Se você ama uma pessoa por que ela é bonita, você não ama ela, só ama o estereótipo que a sociedade criou na sua cabeça. Você não ama a pessoa, você só ama o fato dos outros sentirem inveja de você, por que, “nossa, eles são tão bonitos... formam um casal perfeito”.
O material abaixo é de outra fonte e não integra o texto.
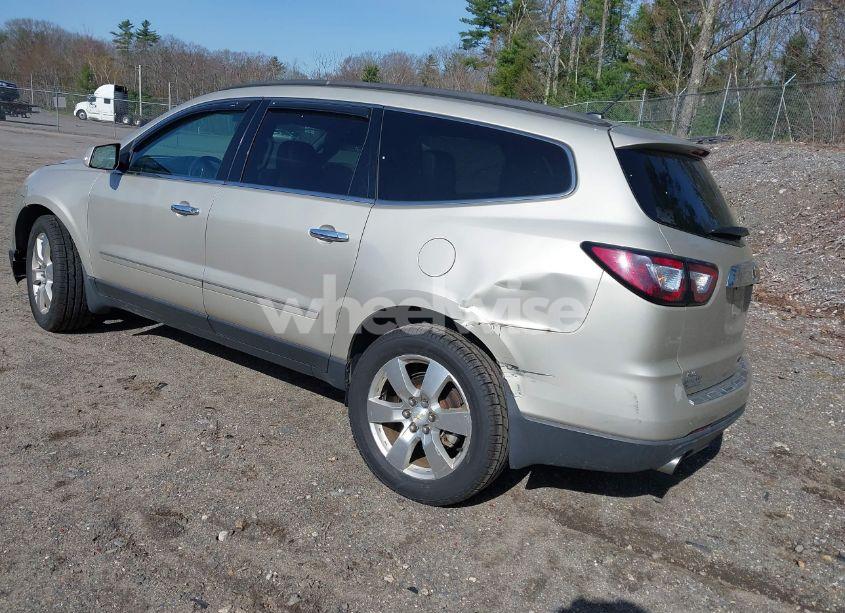 Photo 3 of 2013 Chevrolet Traverse LTZ (VIN 1GNKVLKD1DJ202428)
Eles são bonitos. Eles são lindos. Mas eles também tem chulé, vão ter mau hálito depois de acordar, cheiro de suor quando ficam muito tempo sem tomar banho e cabelo embaraçado de manhã. Eles também vão ao banheiro, fazem o um, o dois e Deus sabe o que lá dentro, como todo mundo faz. Eles estão propensos a caspa, a piriri, a cair na rua de bunda, a ter um bad hair-day, a engordar no churrasco de domingo.
Se você ama uma pessoa, ela não é perfeita. Ela é humana, ela chora, ela grita, ela se sente feliz, ela esperneia... ela nem sempre é confiante, maravilhosa, estereótipo. ESTEREÓTIPO.
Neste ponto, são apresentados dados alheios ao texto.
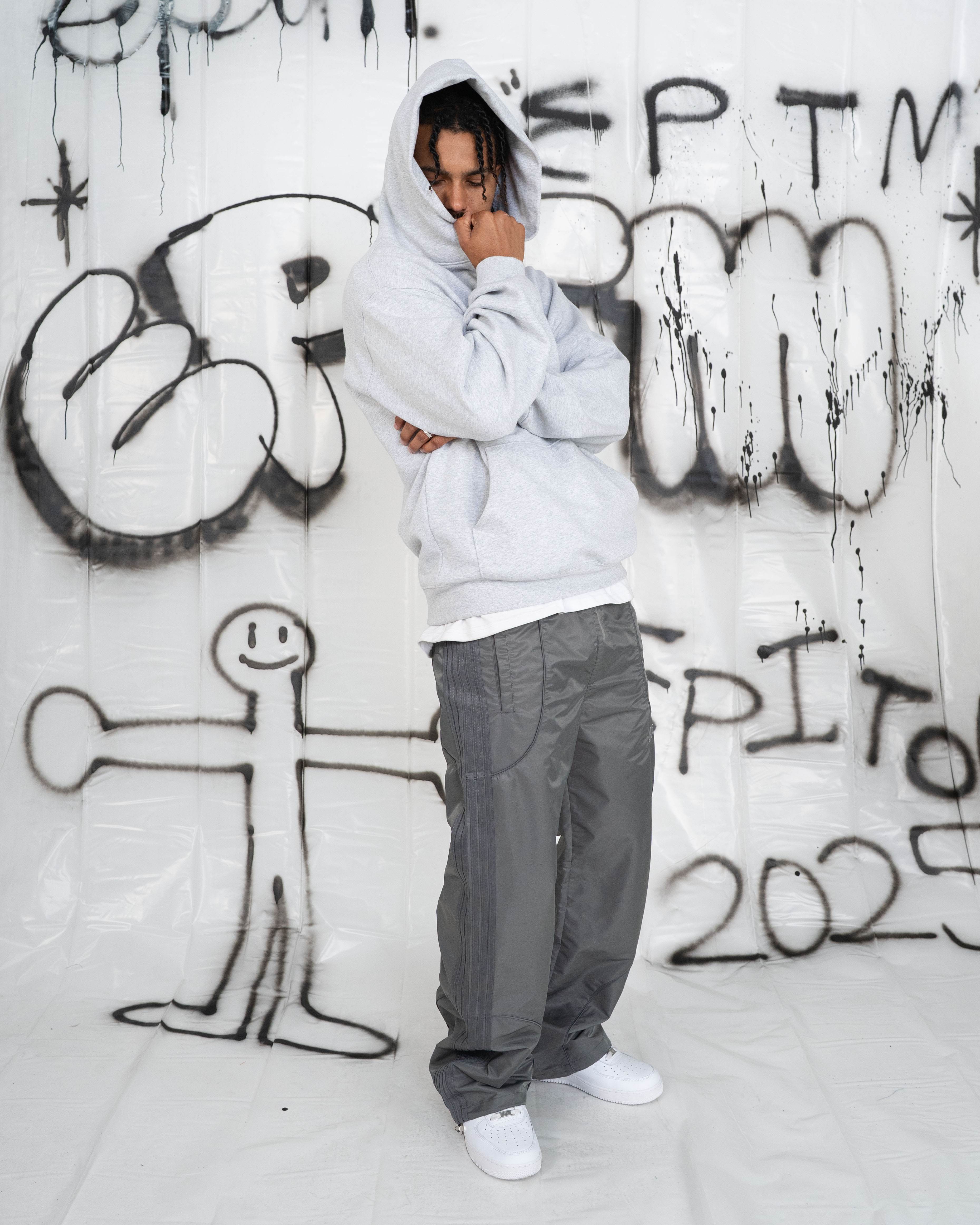 EPTM Mono Track Pants - Grey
Ela SENTE. Assim como você sente. Assim como você não é perfeito, e está sujeito a desfilar por ai, por engano, com uma salsinha enfiada no meio do dente.
Respire fundo, agora que descobriu esses pequenos detalhes que lhe foram escondidos pela sociedade repressora na qual nós vivemos.
Respirou?
Sabe, o verdadeiro amor está onde os olhos não podem ver.
Talvez um dia, quando você se sentir menos burro e mais humano, você feche os olhos.
E, cara. Você vai se impressionar com o que vai poder ver.